と書かれてる紙には◯がついており、その他、『神様の名前を覚えよう!』とか『王国の初代国王のお話を覚えよう!』等と勉強のステップが書かれた紙が『おめでとう』のマスまで続いている。


たまに、『制服姿のエリックお兄ちゃんが毎日見たくない?』とか、『ココ魔法学校に入ってお兄ちゃんに誉めてもらおう!!』とかやる気にさせる応援も書いてある。


現在お嬢様は、『計算を早くするために九九を覚えよう!』の3の段のマスみたいだ。


魔法学校の入学試験には一桁の掛け算が有り、普通ならば、足し算で答えを求める為に9を9回足すという何とも面倒臭い手間を掛けるのだが、アルは僕が教えた九九を暗記させる事にしたらしい。


アルが、


「見てよケン兄ぃ!」


と言って小テストの束を渡してきたが、確認するとほぼ間違えた場所は無く◯がついている。


アル絶えず興奮気味に、


「ミリアローゼお嬢様は、エリックお兄様が大好きなのですが、エリックお兄様は読書好きで、

つまり、恋敵として本を心から憎んでおられたのがミリアローゼ様のお勉強嫌いに繋がっていたんです!

ケン兄ぃは何でそれを解ったの!?

ミリアローゼお嬢様は紙の授業に変えてからメキメキと学力が上がって来ているんだ。

まだ、模擬試験で合格点は取れてないけど…

でも、一番最初と比べるとね、40点も上がったんだよ!」


と、早口気味に語る弟に、初回の点数を聞いた僕は思わずそっとアルを抱き締めて、


「よく頑張った!その調子だ!!」


と誉めてあげた。


最初の模擬試験は片手で表せれる点数からのスタートから2ヶ月で、本当に弟は良く頑張った。


入学試験は、その年にもよるが、だいたい60前後が合格ラインらしく、あと5ヶ月ほとで本番であるが、これならば何とか成りそうだと安心したのだが、アルはこの何倍もホッとしているのだろう。

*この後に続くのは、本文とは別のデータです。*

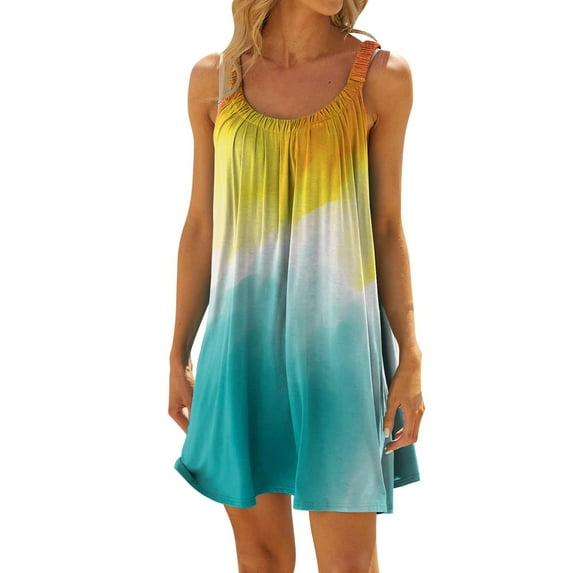 ASFGIMUJ Women's Beach Dress Bikini Beachwear Coverups Casual Vacation Short Summer Halter Dresses Yellow XXL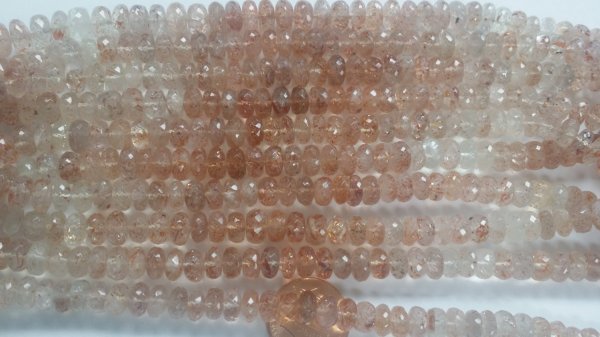 Natural Sunstone Rondelles Faceted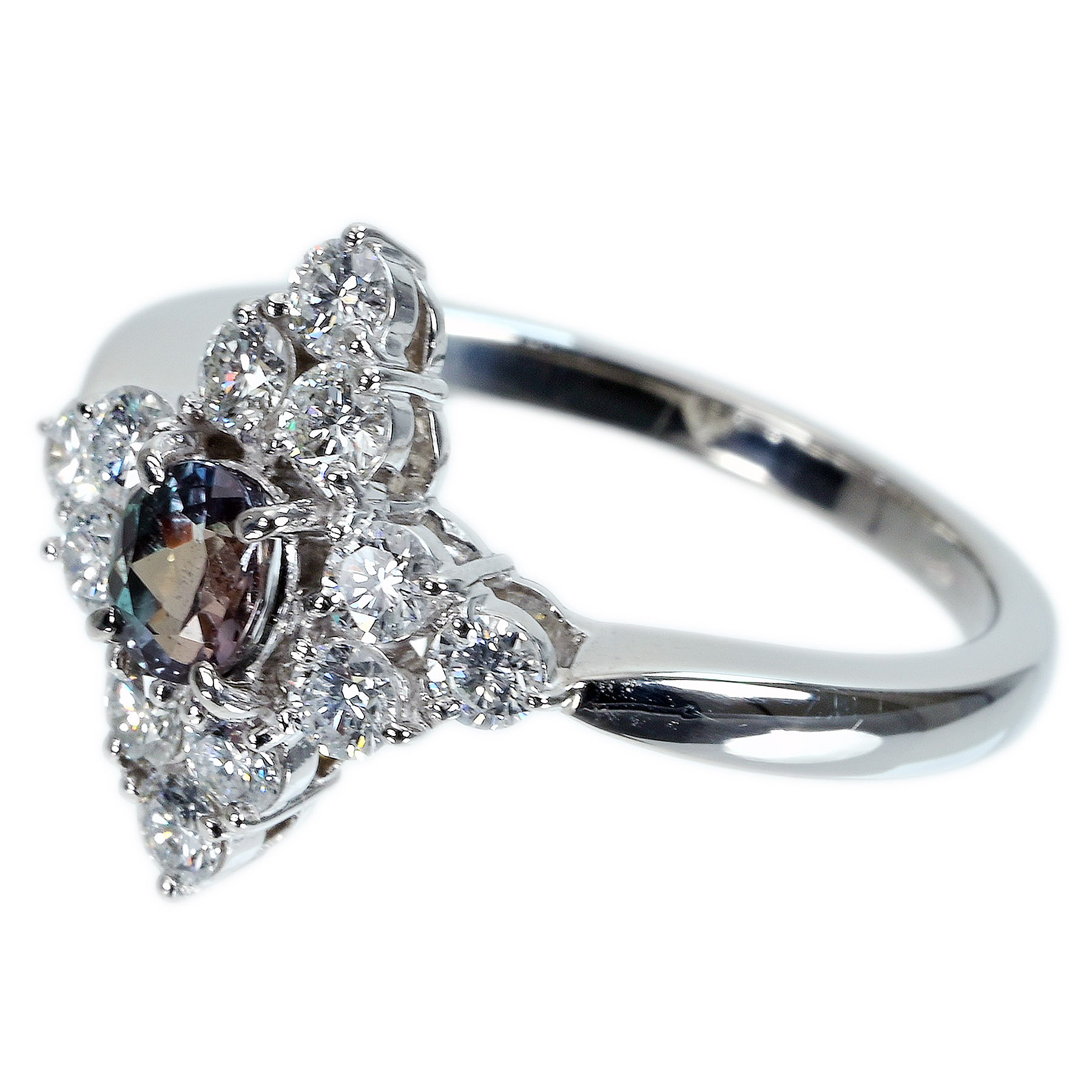 アレキサンドライトリング "MIKIMOTO" PT950 A0.42ct D0.62ct - 画像 (4)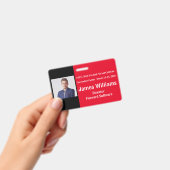 Horizontales Abzeichen Rot, Weiß, Schwarz Ausweis (Handheld)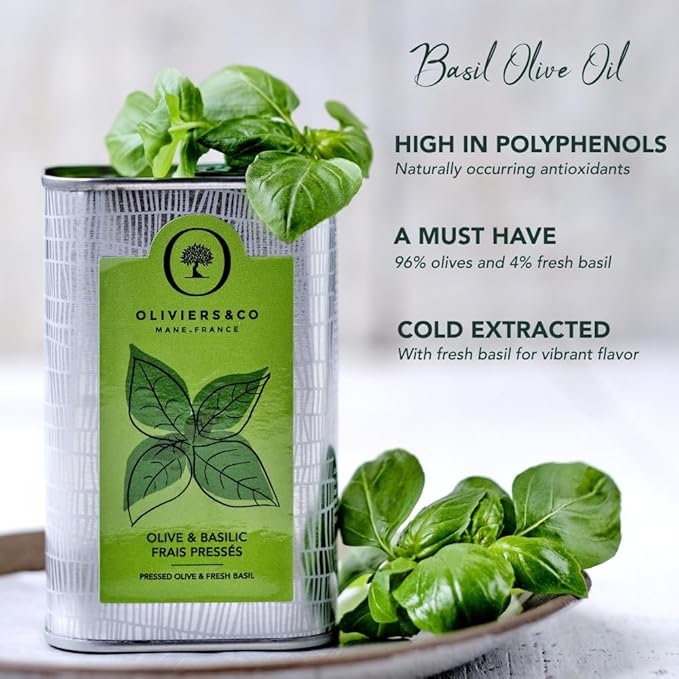 Basil Olive Oil by Oliviers&ampCo. Cold Pressed Extra Virgin Olive Oil with Fresh Basil Gourmet Finishing Oil from Italy for Salads Pasta Dips and Cooking 16.8 fl oz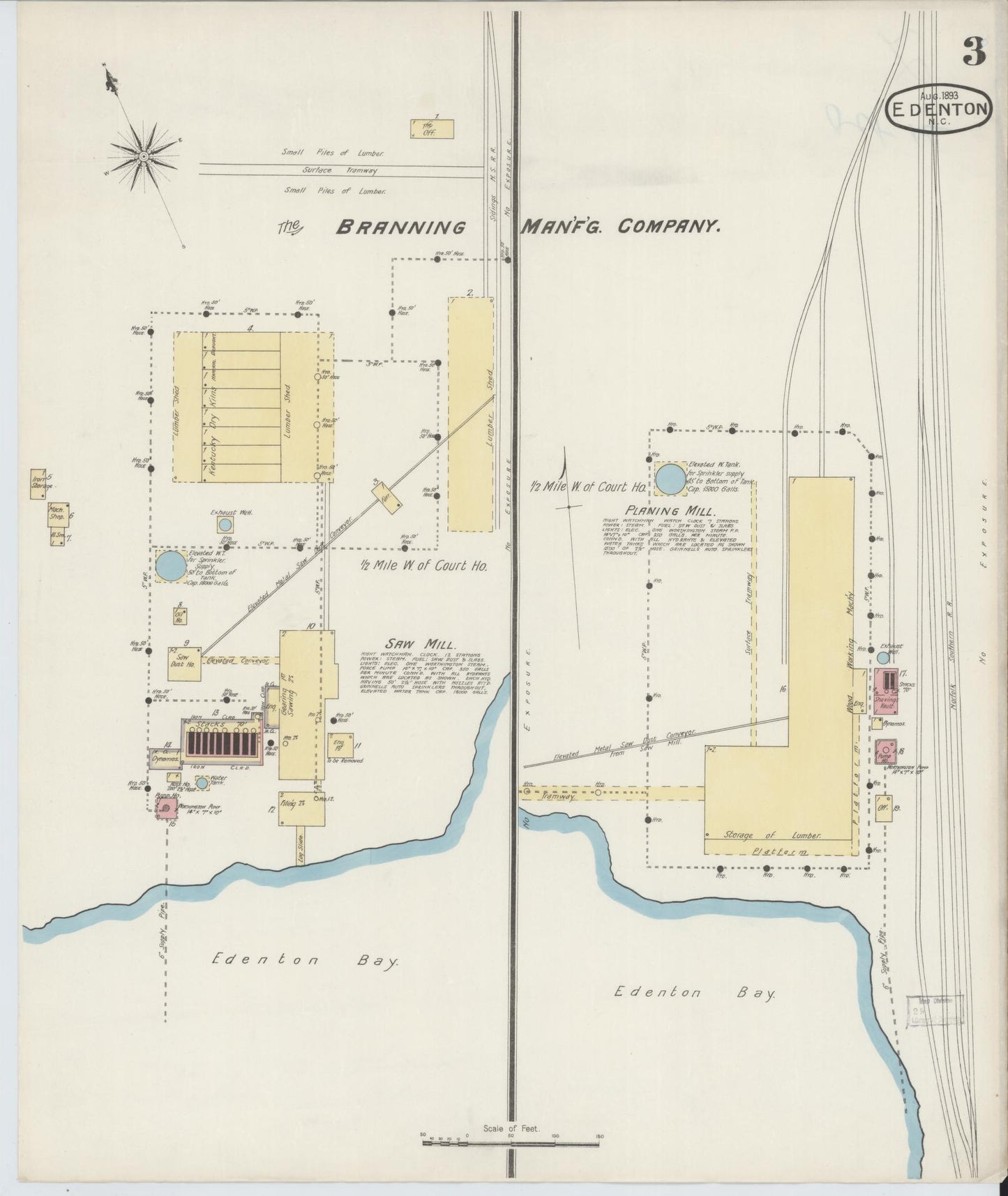 Sanborn Fire Insurance Map from Edenton, Chowan County, North Carolina (1893), Sheet #0003 - Complete Map Set gallery image, historic Sanborn map, vintage wall art, North Carolina North Carolina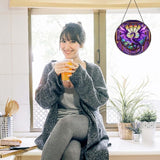 Purple Dragon Stained Glass Window Hanging Dragons SunCatcher Dragon Lovers Gifts for Kid Room Decor Handmade SunCatcher Decoration for Home Decor, 7.87inch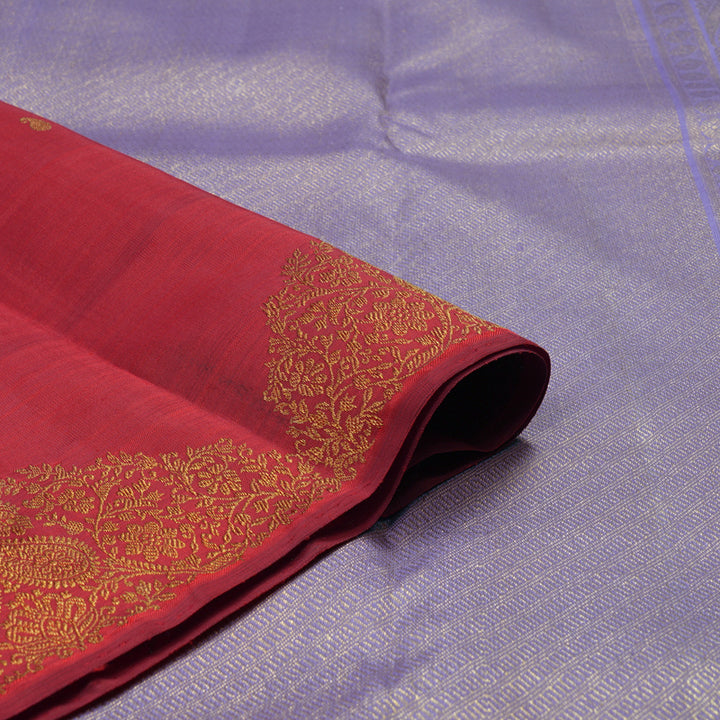 Hayagrivas Handloom Crimson Red Kanjivaram Silk Saree with Turning Border BE383-SBS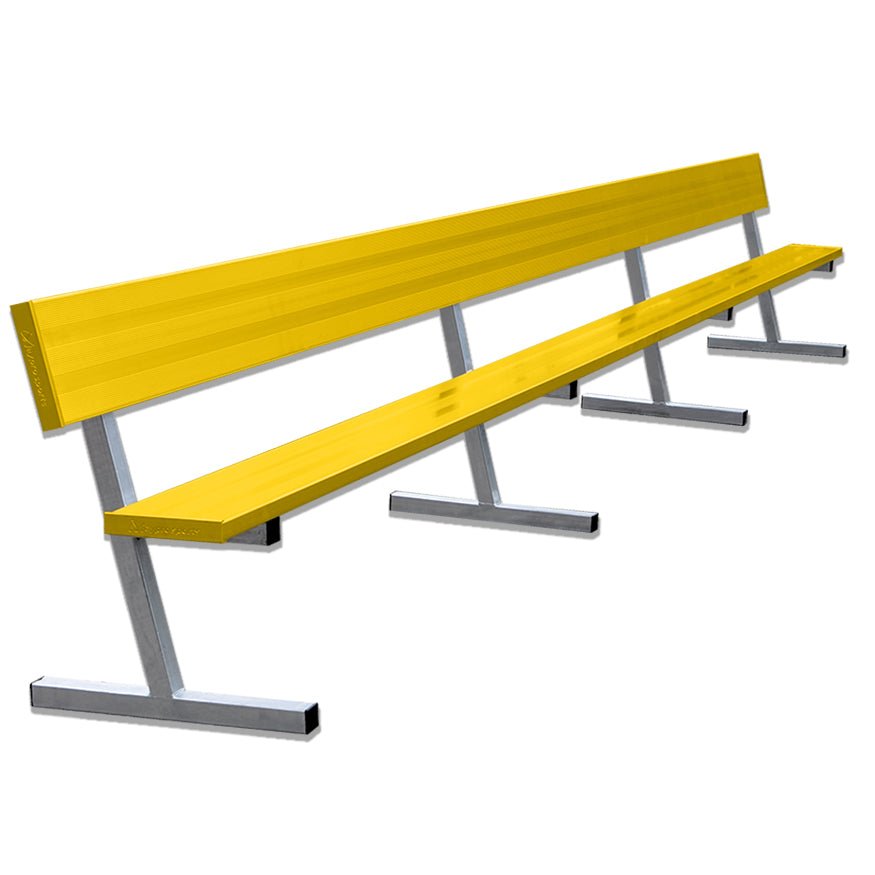 Jaypro Sports Outdoor Player Benches - Portable Player Bench with Seat Back - 21' - Powder Coated (PB - 10PC) - SchoolOutlet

実質この一ヶ月ほどの成果で40点までこれたのだ素晴らしいとしか言えない。


『それにしてもミリアローゼ様の思考回路よ…多分基本的には賢いのかも知れないが、大好きな兄さんを奪う本が憎いから読まないって…』


などと呆れながらも弟に、「結果は気にせずに納得が行く様に頑張れ!」と声をかけ、お屋敷をあとにしたのだが、馬車の中でピーターさんが、


「騎士団の皆も噂してますよ。アル先生が来てからお嬢様が賢くなったって、凄いですよ、あの壁の紙に有った九九ってなんですか? あの言葉だけ私も解らないのですが…」


と興味があるみたいだったので、護衛任務中の空き時間も沢山あることだし、ピーターさんにも九九表を書いて渡して上げて、


「これを暗記出来たら、筆算も教えてあげますよ。例えば騎士団の人数の三日分の食事は何食分必要とするか? みたいな計算とかも直ぐ答えが出ますよ。」


と、僕が言うと、半信半疑な様子で、「はぁ。」とだけ答えていた。


その後は町で買い物をして清潔感のある服装や、幾つかの野菜に調味料などを購入し、ピーターさんには、「自炊されるのですか?」と不思議がられたので、


「明日のお楽しみです。」


とだけ伝えてその日は宿に送ってもらった。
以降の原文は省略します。